The Whitecaps, for their part, left this comment with MLSsoccer.com:
"We have had discussions with Portland, MLS, and Reo-Coker. If there is something to announce, we will do so."
But before you get angry at the Portland Timbers over this, they're just playing the hand they've been dealt to play with according to MLS and are currently being victimized as well by this stupid rule.
Throughout the preseason, Mikael Silvestre was trialing with the Portland Timbers. Fans were rightfully excited by him as he brought a wealth of veteran centerback experience with some of the best clubs in the world. After impressing in pretty much every game he played in, most thought he would be signed so long as the Timbers could afford him.
And then one day he was gone... trialing with the Seattle Sounders apparently (who he had scored against a few days earlier).
According to a teleconferenced interview with Sigi Schmid on Prost Amerika, the Seattle Sounders own Mikael Silvestre's rights despite the Portland Timbers trialing him first. Here was Sigi's exact comment with regards to the player:
"It's something that we worked out. We have the discovery [rights] on him, but [Portland] had brought him in. We felt that since he was here we should get a look at him, as well. They really didn't talk to us before they had decided to bring him in. In deference to the player, we didn't want to cause an issue with his trial with them, but we wanted to have a look at him. We saw him in that game [against Portland] and we were able to have him in and train with us, as well, and he played in the game for us [against New England]."
So now if the Portland Timbers did want to bring him in, not only would they have to pay his probable high salary, but they would have to give the Seattle Sounders something just for the right to sign a player who is a FREE AGENT.
So why would MLS keep up with this rule even if it makes no sense?
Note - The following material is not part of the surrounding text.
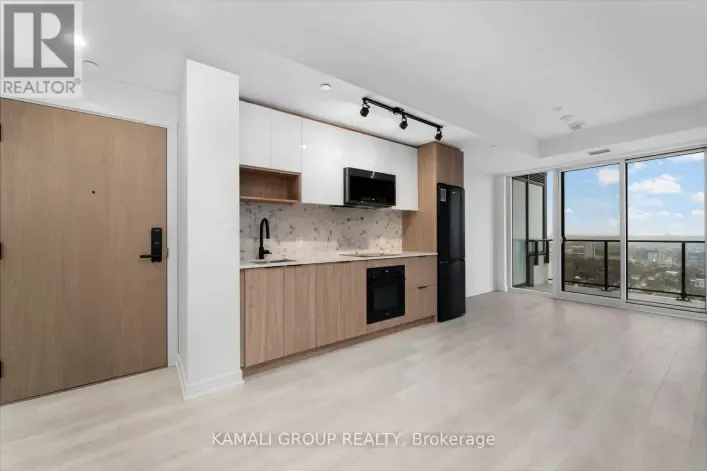 2713 - 5 DEFRIES STREET, Toronto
Simple: it gives them control over players who might want to play in MLS, even if they're not signed players. Think about it a little bit:
A player who comes to MLS and isn't signed by any club would be a free agent in every other league in the world. Free agents naturally have more bargaining power and control over their future because there's nobody else tugging at the strings. They are simply negotiating for themselves. If one team doesn't put up a good enough offer they can go elsewhere.
In MLS, however, when a player comes to begin negotiating with a club you can almost be guaranteed that his rights now belong to a club. This now limits his bargaining power if, let's say Sporting Kansas City, doesn't want to pay so much for his salary. Does he go to another MLS club to negotiate? Sure, but he's now at a disadvantage because any other club will now have to pay something extra to Sporting KC for his rights.
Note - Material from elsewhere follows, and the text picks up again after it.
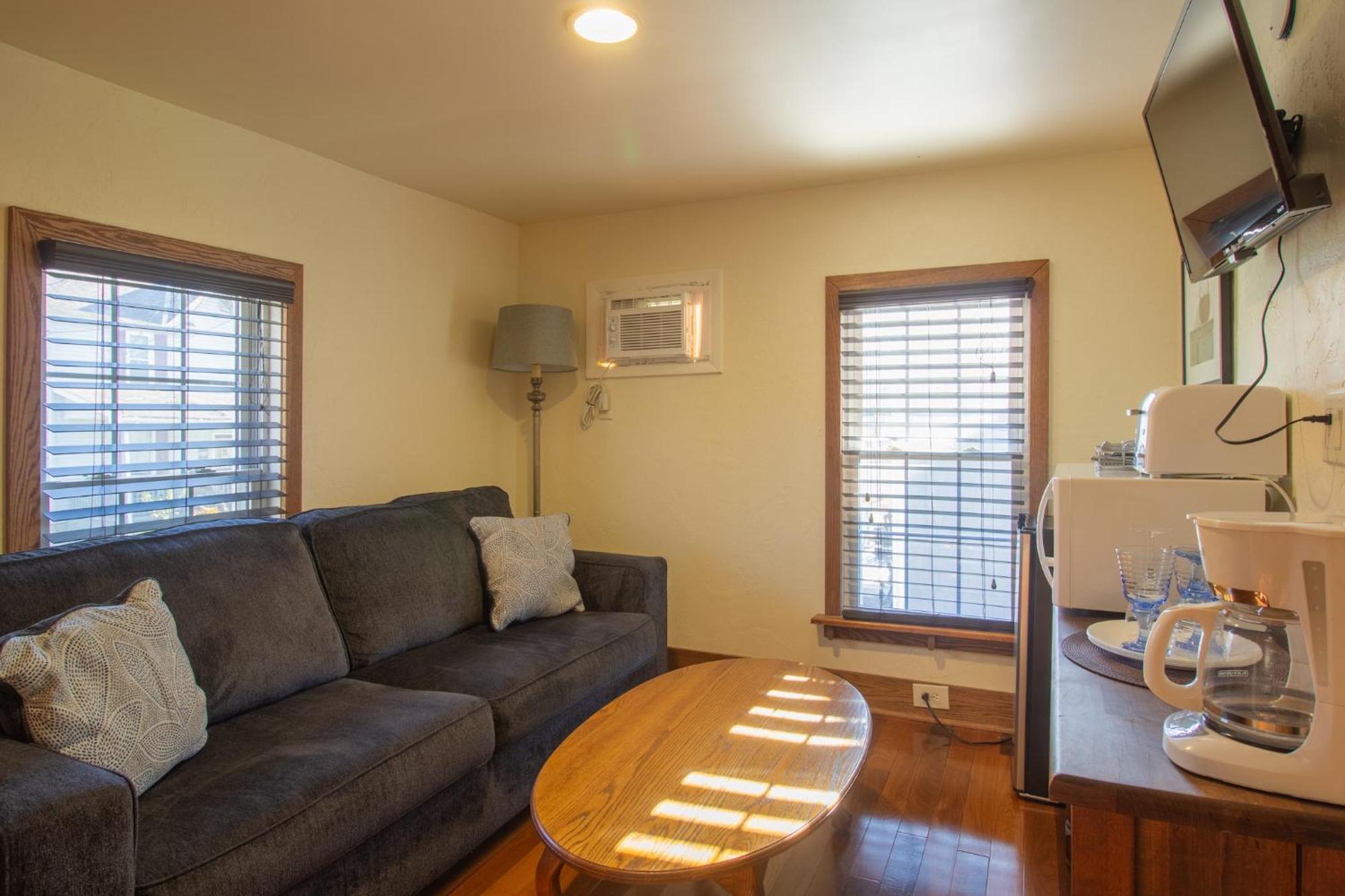Stay In Ohiopyle Near Gap Trail, Restaurants, & The Fallls Eksteriør billede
I understand that MLS needs to have some control over large parts of the league. It's what has helped them grow during an economic recession, in an inhospitable sports climate and against the growing influence of foreign leagues. However, the discovery claim rule is fast becoming a deterrent to players who wish the play their trade here and that's something I am absolutely against.
What do you think of MLS's discovery claim rule? Does it work fine or does it need to be abolished?